REQUIREMENT - Quote only the lines that start at the line with "Campfire Bath Bomb" and run to the end of the entries; omit the pictures.

◇ ◇ ◇

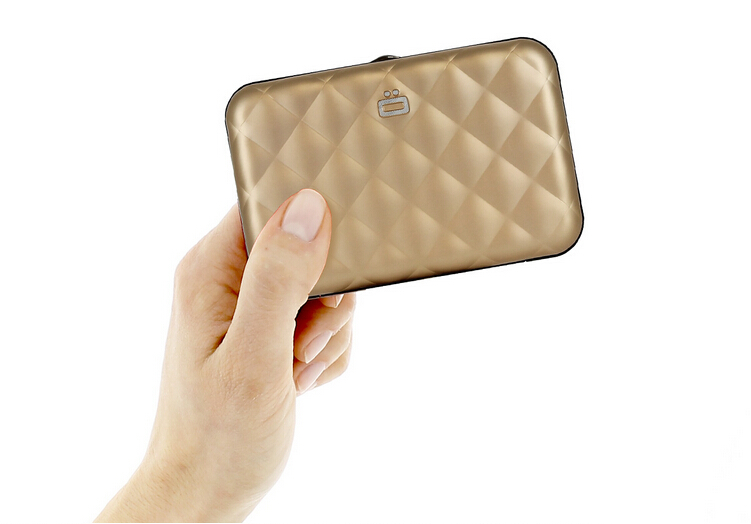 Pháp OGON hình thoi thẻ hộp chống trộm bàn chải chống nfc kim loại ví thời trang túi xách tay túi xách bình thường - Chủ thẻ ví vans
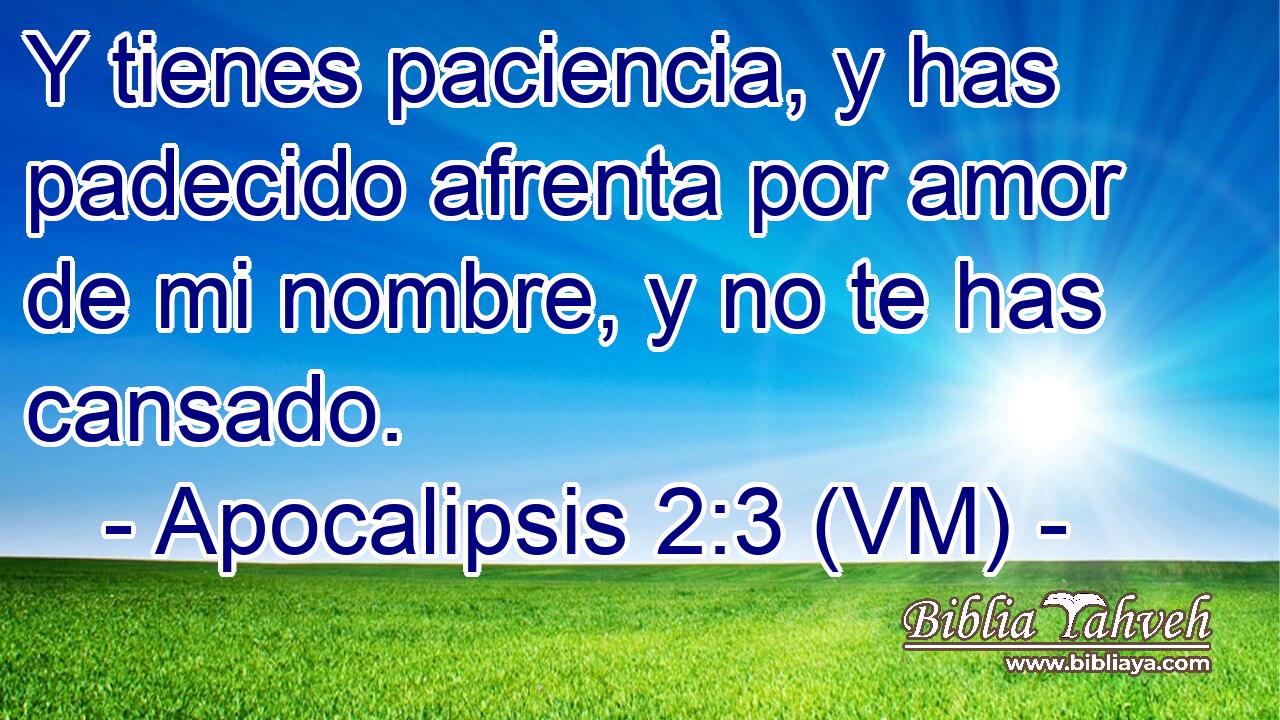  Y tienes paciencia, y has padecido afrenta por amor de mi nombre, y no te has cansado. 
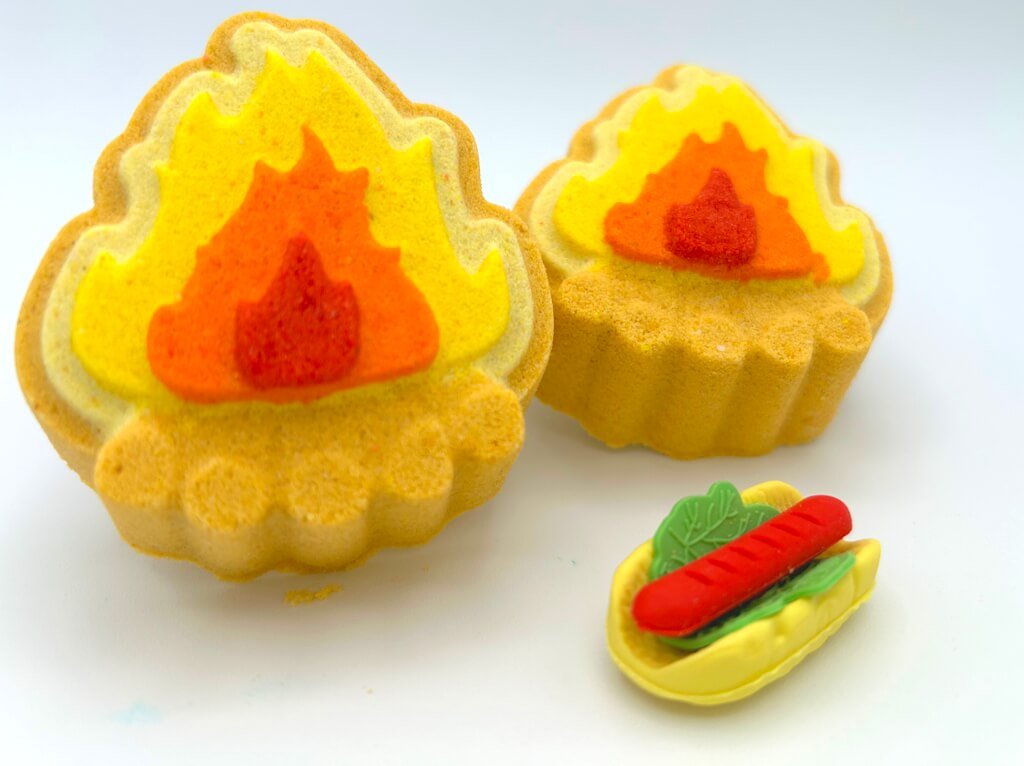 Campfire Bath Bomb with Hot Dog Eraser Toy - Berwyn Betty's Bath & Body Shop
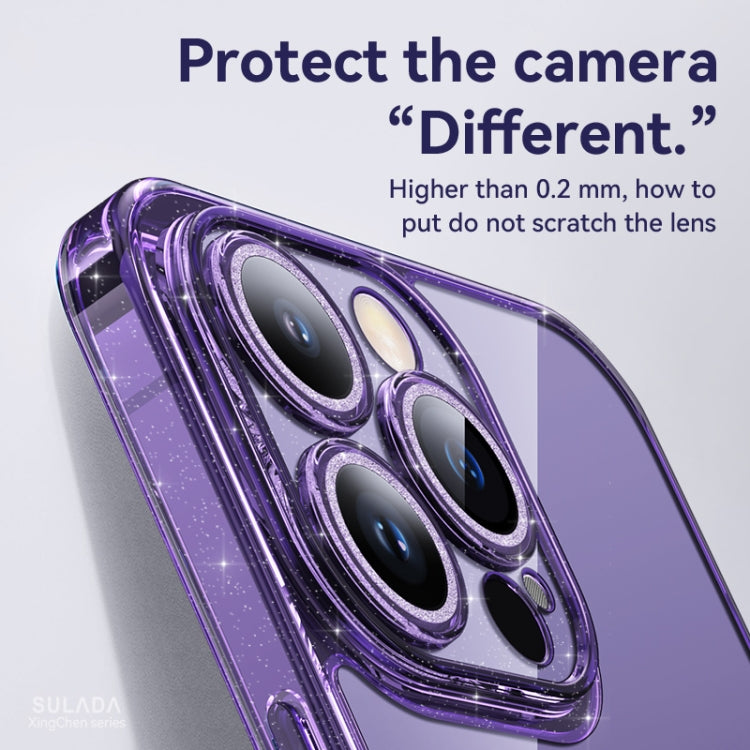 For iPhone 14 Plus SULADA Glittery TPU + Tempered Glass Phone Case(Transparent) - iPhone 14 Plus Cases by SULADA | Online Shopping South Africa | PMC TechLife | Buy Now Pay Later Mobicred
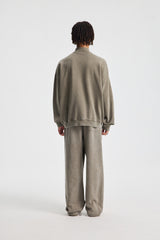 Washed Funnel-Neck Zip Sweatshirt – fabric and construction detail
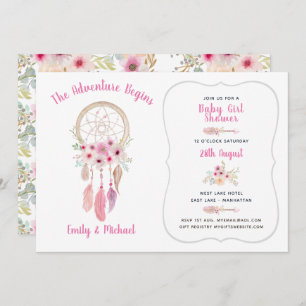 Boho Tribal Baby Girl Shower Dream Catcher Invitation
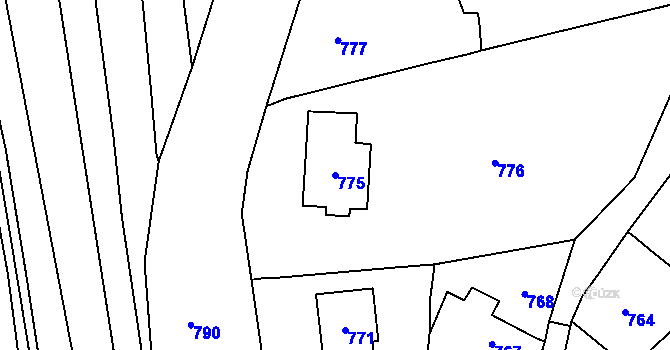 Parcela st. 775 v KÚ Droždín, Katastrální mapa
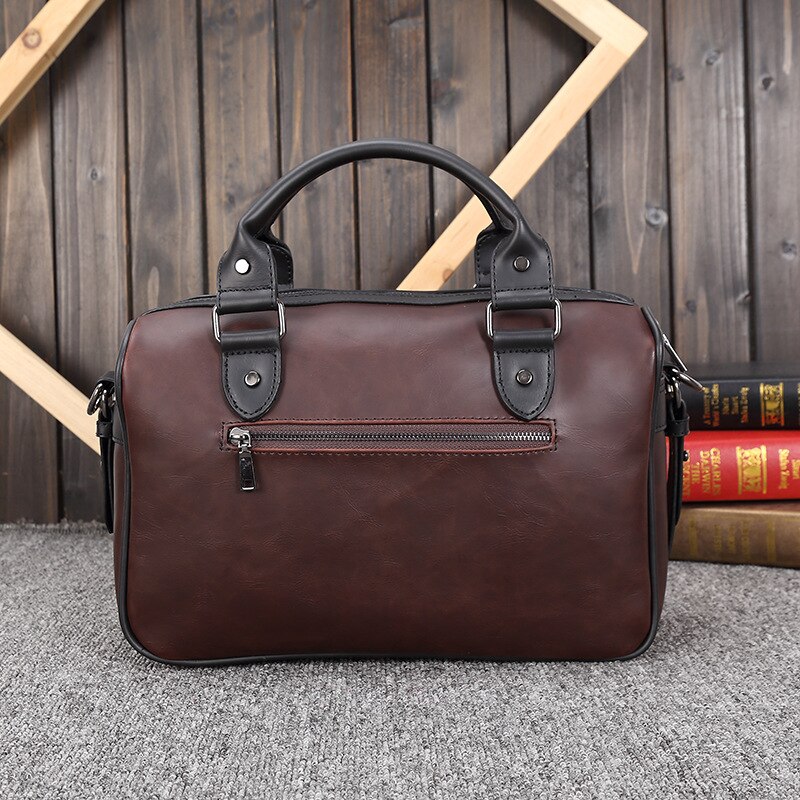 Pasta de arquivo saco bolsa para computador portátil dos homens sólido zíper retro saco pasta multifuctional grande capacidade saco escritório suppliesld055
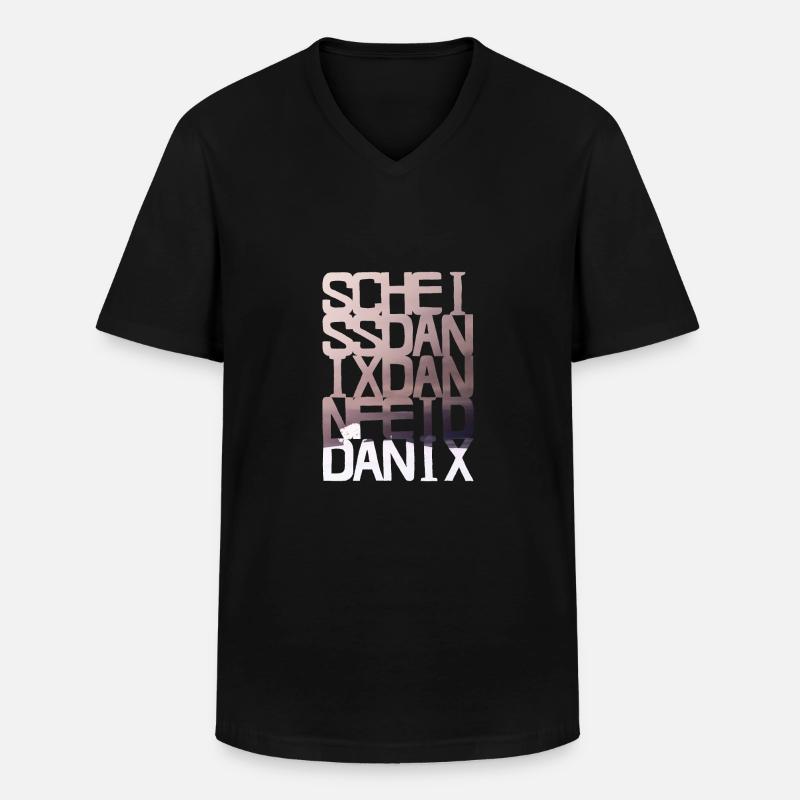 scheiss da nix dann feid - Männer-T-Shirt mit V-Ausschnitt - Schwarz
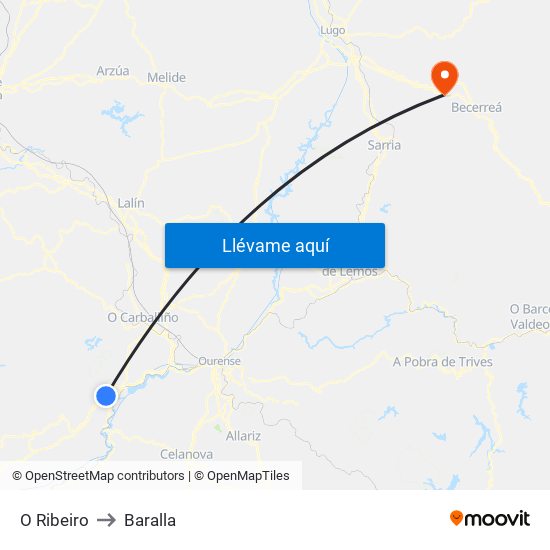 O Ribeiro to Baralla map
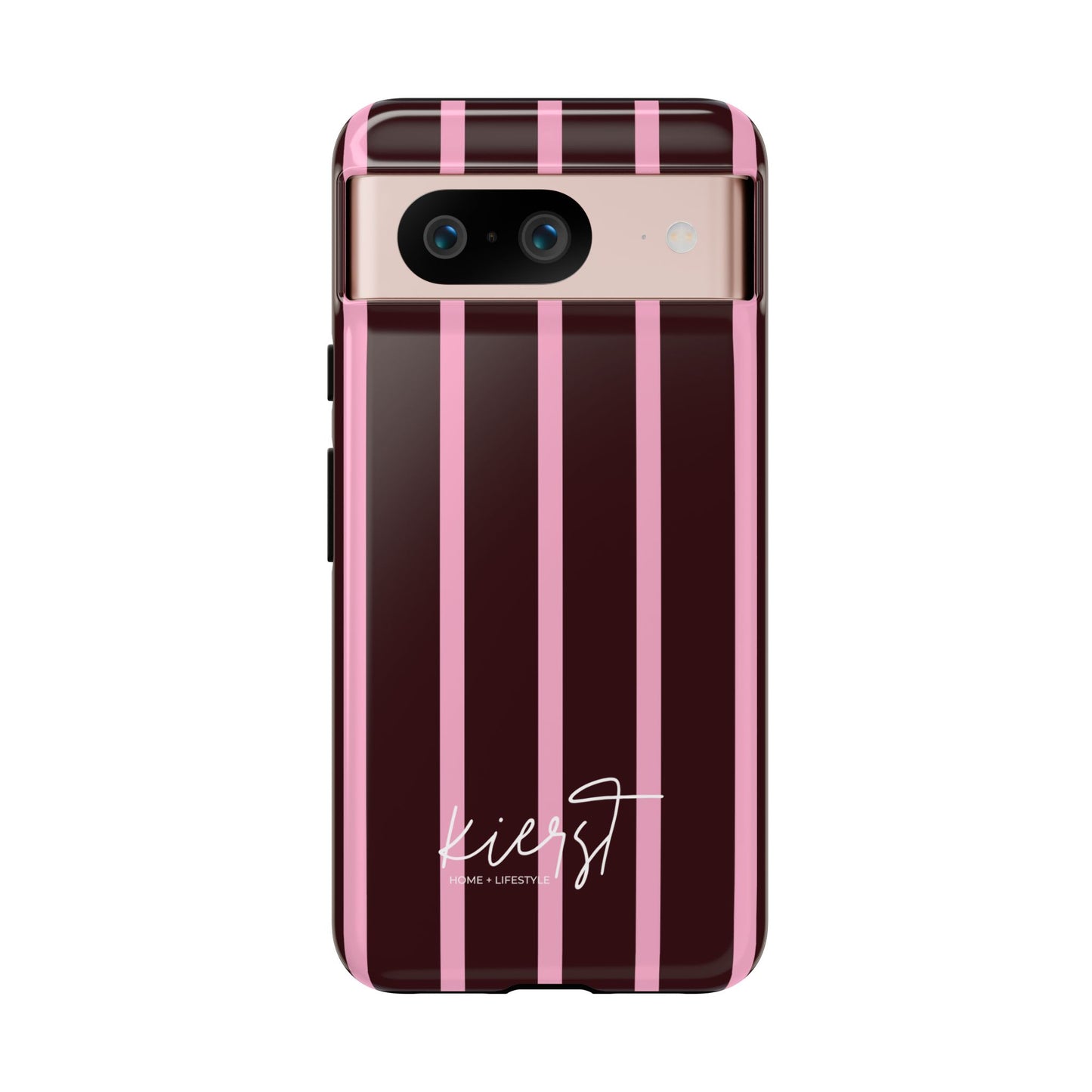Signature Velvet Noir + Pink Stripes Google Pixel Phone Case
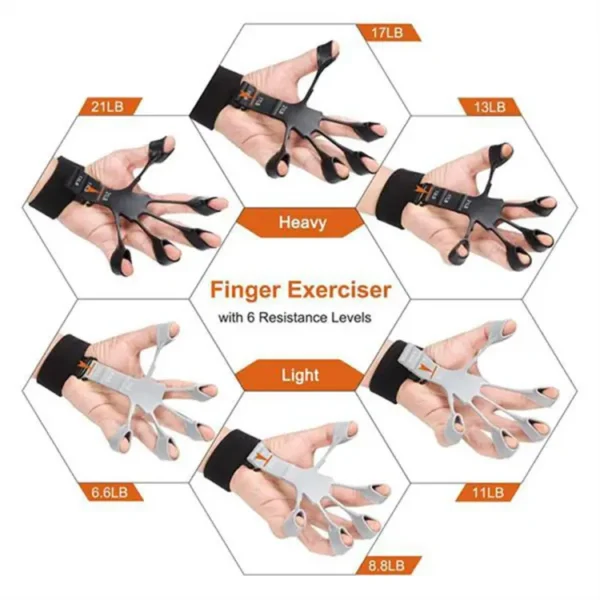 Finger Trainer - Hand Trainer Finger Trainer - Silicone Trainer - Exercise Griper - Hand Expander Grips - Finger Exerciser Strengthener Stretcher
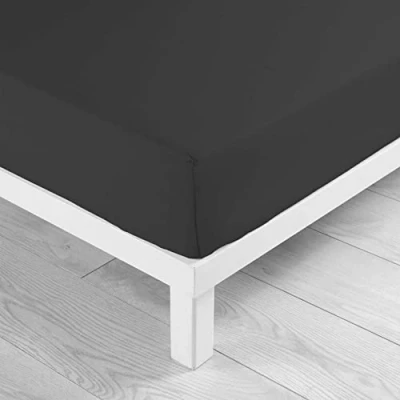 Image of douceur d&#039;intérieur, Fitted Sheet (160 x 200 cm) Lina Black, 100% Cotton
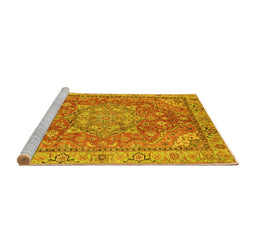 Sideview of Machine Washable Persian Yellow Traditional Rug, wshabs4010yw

◇ ◇ ◇

WRITTEN REPLY -
 Campfire Bath Bomb with Hot Dog Eraser Toy - Berwyn Betty's Bath & Body Shop
 For iPhone 14 Plus SULADA Glittery TPU + Tempered Glass Phone Case(Transparent) - iPhone 14 Plus Cases by SULADA | Online Shopping South Africa | PMC TechLife | Buy Now Pay Later Mobicred
 Washed Funnel-Neck Zip Sweatshirt – fabric and construction detail
 Boho Tribal Baby Girl Shower Dream Catcher Invitation
 Parcela st. 775 v KÚ Droždín, Katastrální mapa
 Pasta de arquivo saco bolsa para computador portátil dos homens sólido zíper retro saco pasta multifuctional grande capacidade saco escritório suppliesld055
 scheiss da nix dann feid - Männer-T-Shirt mit V-Ausschnitt - Schwarz
 O Ribeiro to Baralla map
Signature Velvet Noir + Pink Stripes Google Pixel Phone Case
 Finger Trainer - Hand Trainer Finger Trainer - Silicone Trainer - Exercise Griper - Hand Expander Grips - Finger Exerciser Strengthener Stretcher
 Image of douceur d&#039;intérieur, Fitted Sheet (160 x 200 cm) Lina Black, 100% Cotton
 Sideview of Machine Washable Persian Yellow Traditional Rug, wshabs4010yw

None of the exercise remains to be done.